— AIM OF THE EXERCISE —
All that is wanted is the exact text of the lines below from the one with "Coucher de soleil" through the one with "Used 2015 Chevrolet Cruze LT FWD image 6", inclusive, minus any pictures.

+++ RECORDED DATA

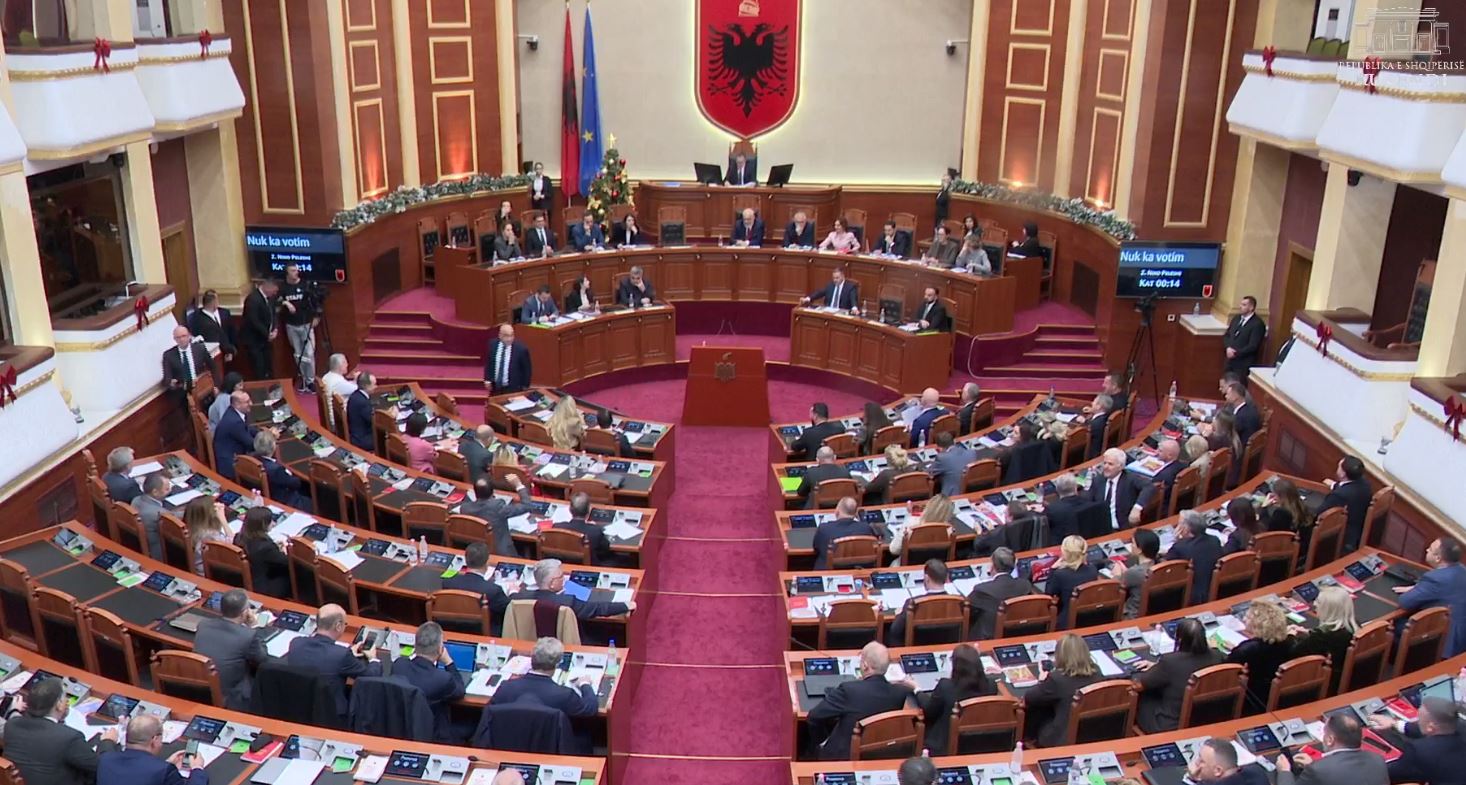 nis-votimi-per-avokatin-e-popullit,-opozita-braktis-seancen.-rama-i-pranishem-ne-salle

++++++
+++ RECORDED DATA

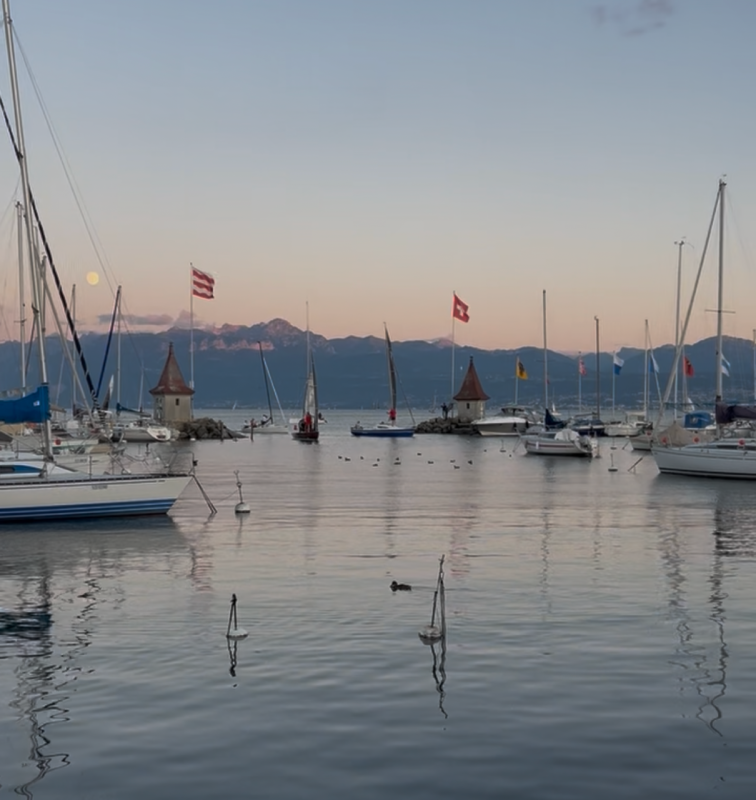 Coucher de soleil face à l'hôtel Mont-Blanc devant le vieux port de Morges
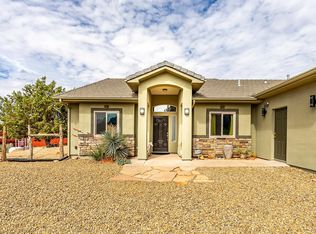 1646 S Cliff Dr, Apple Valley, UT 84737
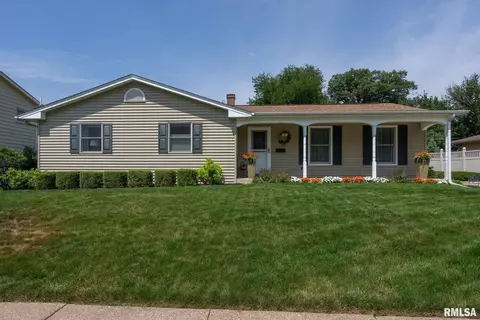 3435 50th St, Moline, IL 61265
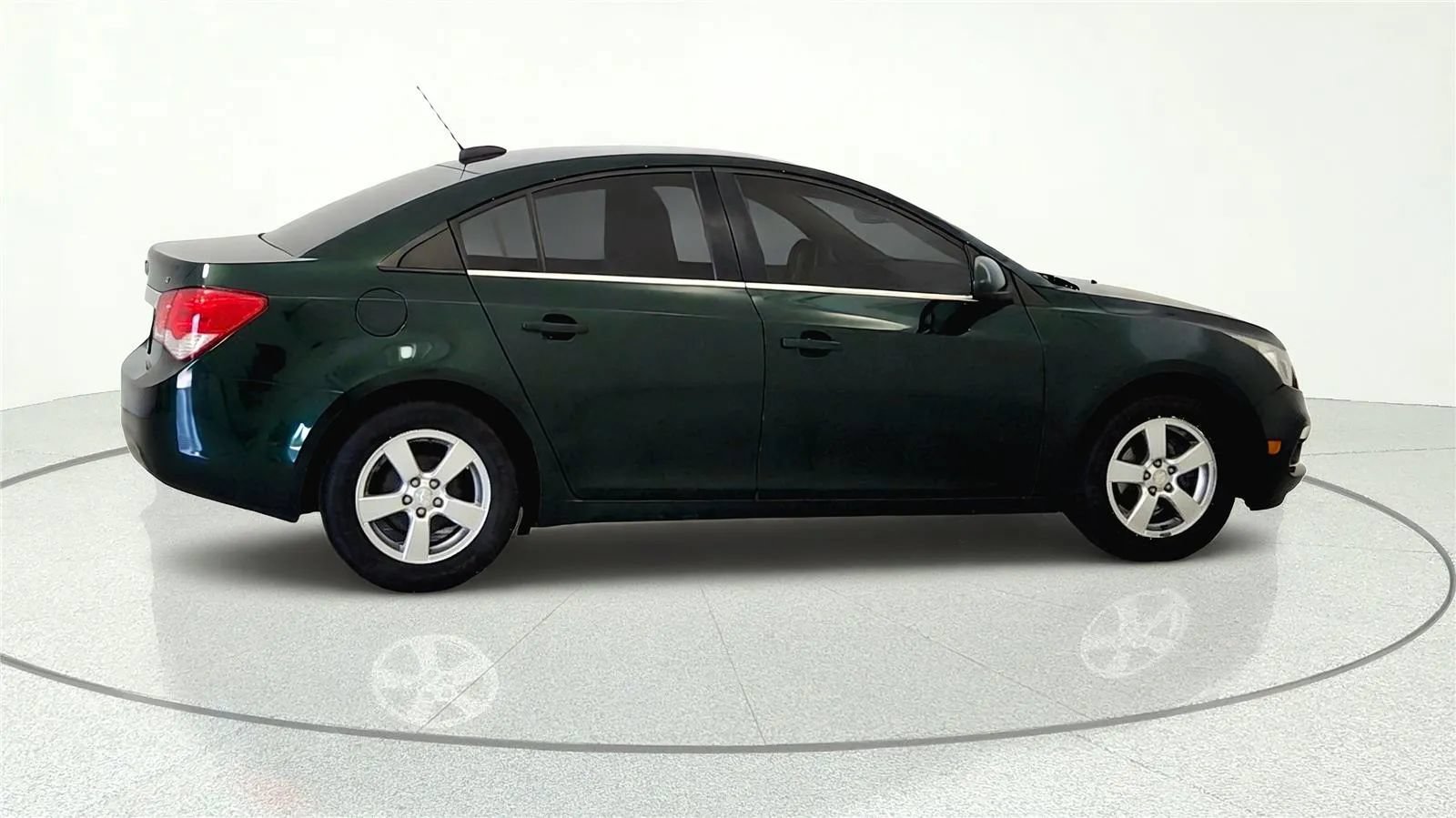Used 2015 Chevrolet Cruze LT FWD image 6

++++++
+++ RECORDED DATA

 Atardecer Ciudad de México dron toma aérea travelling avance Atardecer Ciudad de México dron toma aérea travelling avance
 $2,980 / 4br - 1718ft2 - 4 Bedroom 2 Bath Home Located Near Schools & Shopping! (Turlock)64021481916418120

++++++

— RESULT OF THIS TASK —
 Coucher de soleil face à l'hôtel Mont-Blanc devant le vieux port de Morges
 1646 S Cliff Dr, Apple Valley, UT 84737
 3435 50th St, Moline, IL 61265
Used 2015 Chevrolet Cruze LT FWD image 6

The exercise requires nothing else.